Description of the task: Scan the records below for the line with "Free People Black Heel Booties" and the line with "Cool Emoji Png", and retype that range exactly, both ends included, pictures excepted.

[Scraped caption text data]
-- Opening Marker --

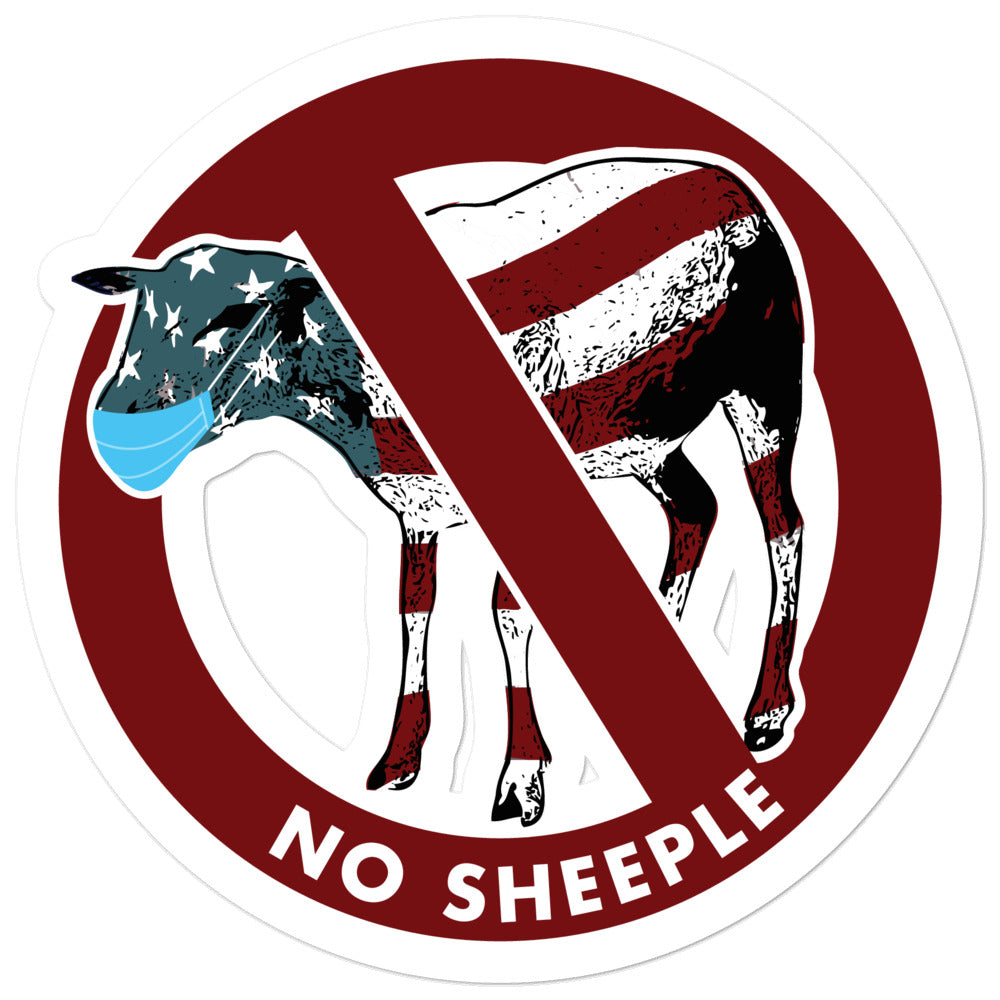 No Sheeple Maskie Sticker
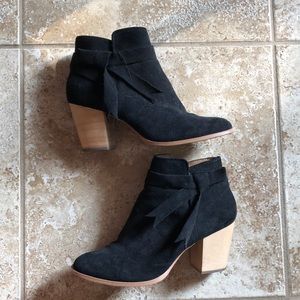 Free People Black Heel Booties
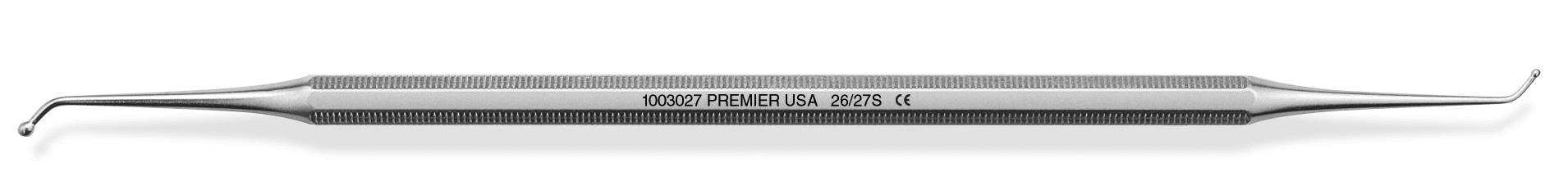 American Eagle Ball Burnisher M1 XP, 1/4" Shank, Titanium Nitride, Stainless Steel, AEBM1TN - Ball Burnisher M1 XP 1/4 SS - Image 1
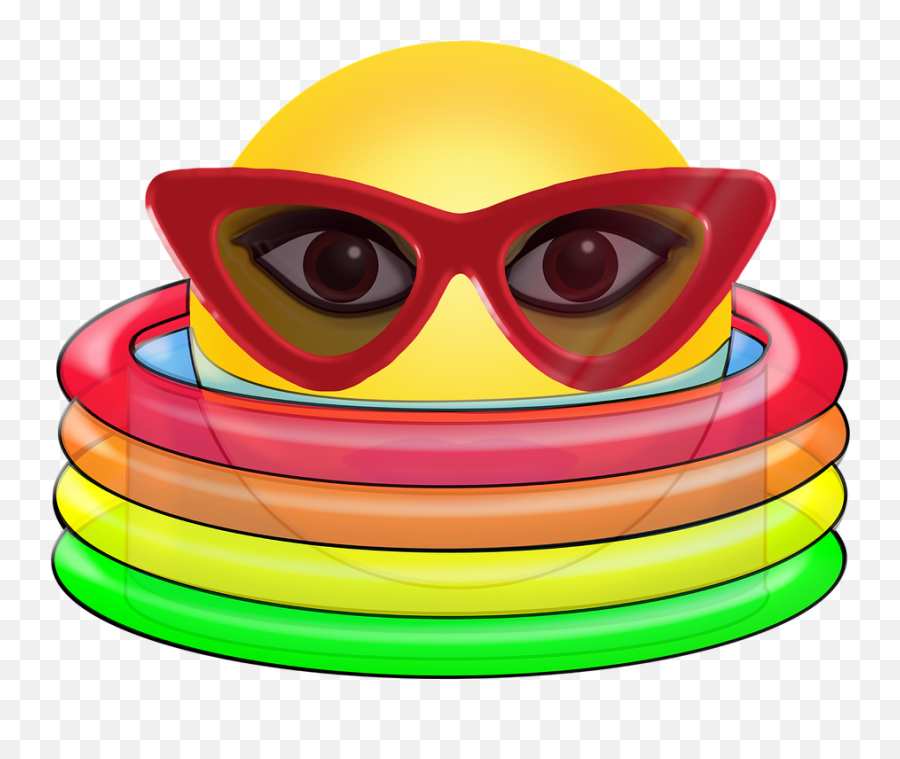 Cool Emoji Png Photo Mart - Emoticon Swimming,Confused Emoji Png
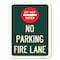 Signmission Do Not Enter No Parking Fire Lane with Graphic Heavy-Gauge Aluminum Rust Proof Parking, A-1824-24149 A-1824-24149 - alternate 1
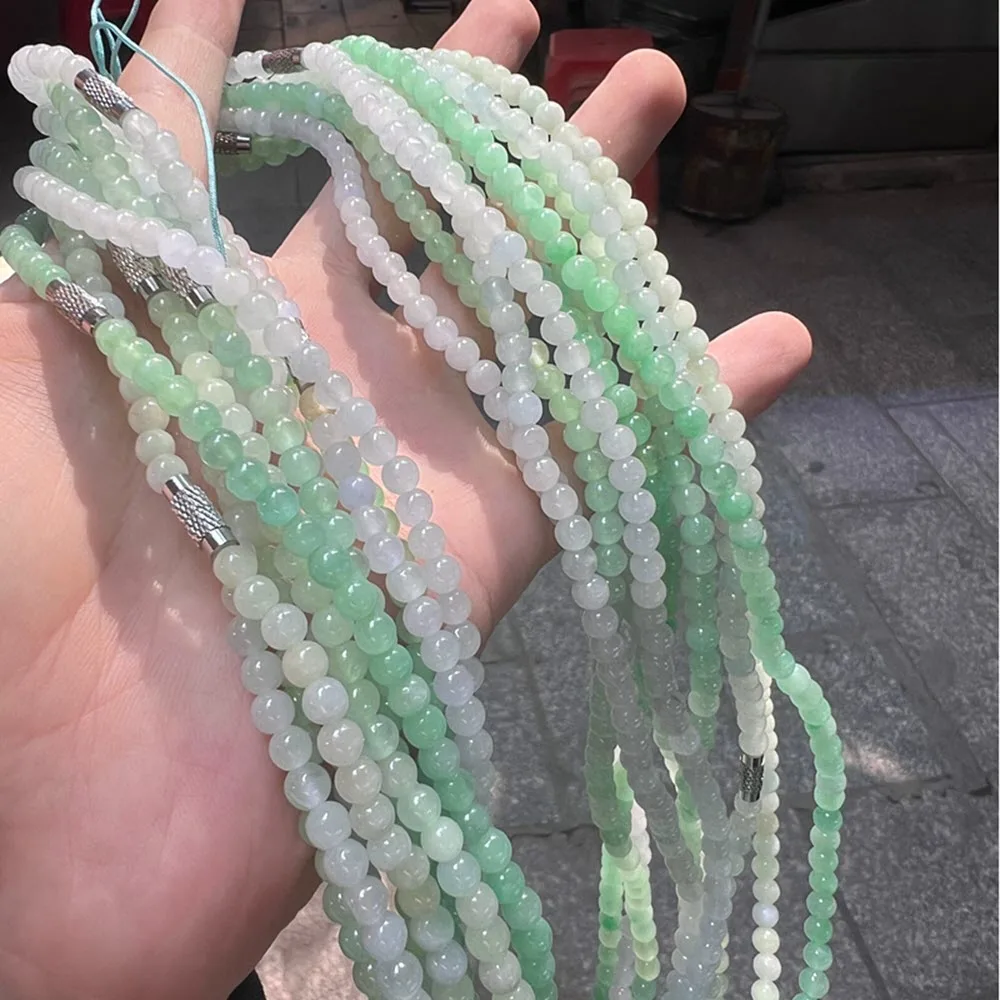 Green Jade Necklace Green Myanmar Jade Necklace Women Necklace Jadeite Fit Adult Women Necklace Jewelry For Mother Gift
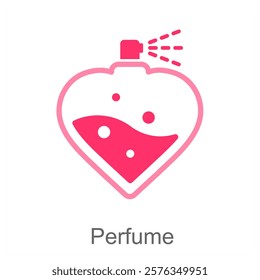 Perfume and fragrance icon concept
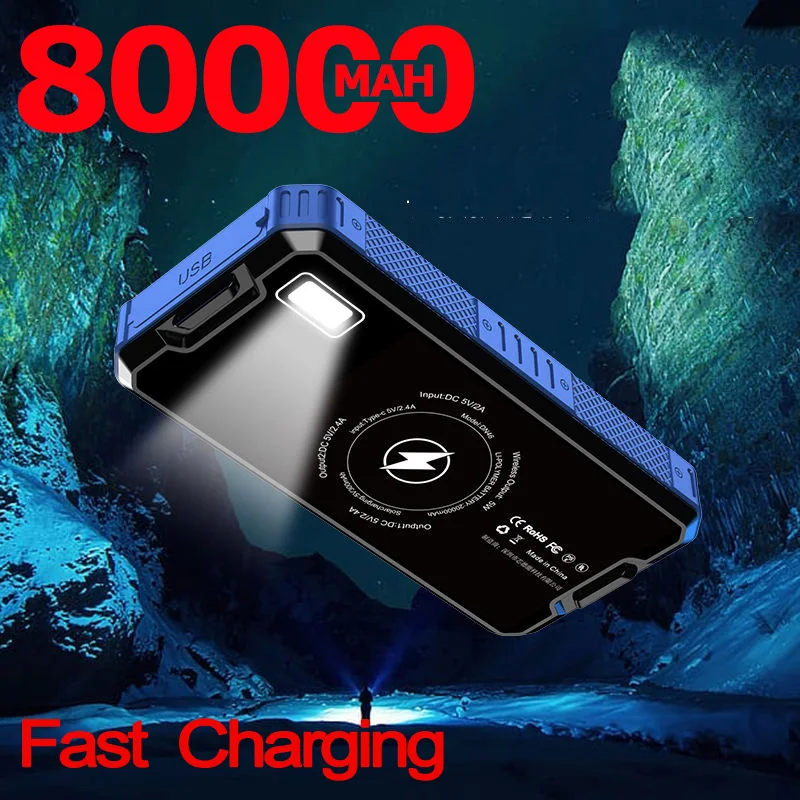 Внешний аккумулятор на солнечной батарее 80000 мАч|Внешние аккумуляторы| |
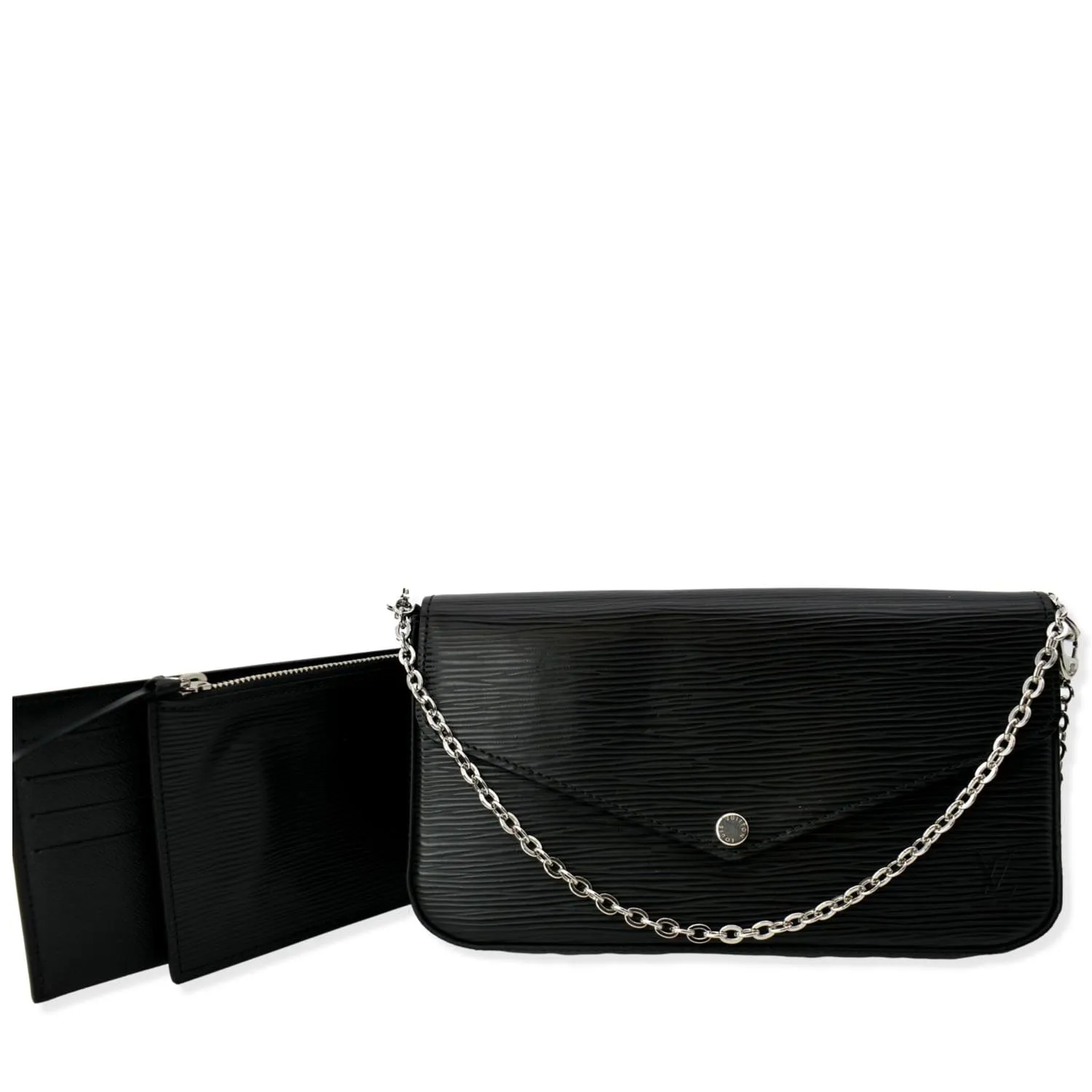 LOUIS VUITTON Felicie Pochette Epi Crossbody Bag Black - Hot Deals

-- Closing Marker --

Written answer:
 Free People Black Heel Booties
 American Eagle Ball Burnisher M1 XP, 1/4" Shank, Titanium Nitride, Stainless Steel, AEBM1TN - Ball Burnisher M1 XP 1/4 SS - Image 1
 Cool Emoji Png Photo Mart - Emoticon Swimming,Confused Emoji Png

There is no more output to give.